Bakersfield Police Department officers arrested Rogers on Jan. 14 in connection with the March 2, 2013, shooting death of Kevin McMahan, at South Real Road and Highway 58, and in connection with a July 28, 2013, shooting in the 500 block of South Brown Street.
He was booked on 12 felony counts ranging from assault with a deadly weapon to first degree murder to participating in a street gang.
Rogers' attorney, David Torres of Bakersfield, was out of the country Friday and unavailable to speak with a reporter.
Walter Goodson, 38, of Bakersfield was also arrested Jan. 14 in connection with McMahan's death and booked on three felony charges of first-degree murder, attempted murder, and participating in a street gang.
Goodson is not charged in Operation Pipe Cleaner.
Taylor was taken into federal custody recently, and it is unclear who will be representing her in court.
DAKOTA LIFE STILL BUCOLIC
Chamber of Commerce officials in Williston, N.D. -- possibly the Bakken's epicenter, about two hours north of Dickinson -- and in Minot, a larger city farther west, are far from unfamiliar with big-city crime.
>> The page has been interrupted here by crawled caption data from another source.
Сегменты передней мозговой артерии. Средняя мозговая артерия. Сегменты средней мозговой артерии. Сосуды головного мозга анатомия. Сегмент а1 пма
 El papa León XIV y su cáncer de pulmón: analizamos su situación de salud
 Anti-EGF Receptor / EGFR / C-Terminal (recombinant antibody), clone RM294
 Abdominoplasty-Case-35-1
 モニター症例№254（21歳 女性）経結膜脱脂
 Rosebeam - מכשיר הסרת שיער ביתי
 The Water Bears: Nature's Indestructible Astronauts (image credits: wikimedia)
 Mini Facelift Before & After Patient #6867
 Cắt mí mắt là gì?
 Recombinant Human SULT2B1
But they say you can get into trouble anywhere, and the reality of their state is that people here still leave their doors unlocked, and will help you if you drop your groceries.
"Have things changed? Yes. Is it the same town it was in 2010 or even the spring of 2011 before the flood? No," said John MacMartin, president of the Area Chamber of Commerce in Minot, which experienced a devastating flood in June 2011. "But do you worry about your kids playing in the streets? No."
Lee Lusht, president of the Williston Area Chamber of Commerce, said the oil boom has been an economic boon, although the town has more than doubled from its population of 14,700 at the 2010 census -- and is growing so fast that even its mayor has trouble keeping track.
"When the story gets out that it's this Wild West crazy town, it scares people. I'm a single woman. I live here and I don't pack heat. But I also don't talk on my cell phone at 11:30 at night when I leave Walmart," Lusht said. "Our major trials and tribulations are not the crime. It's the pace of the growth."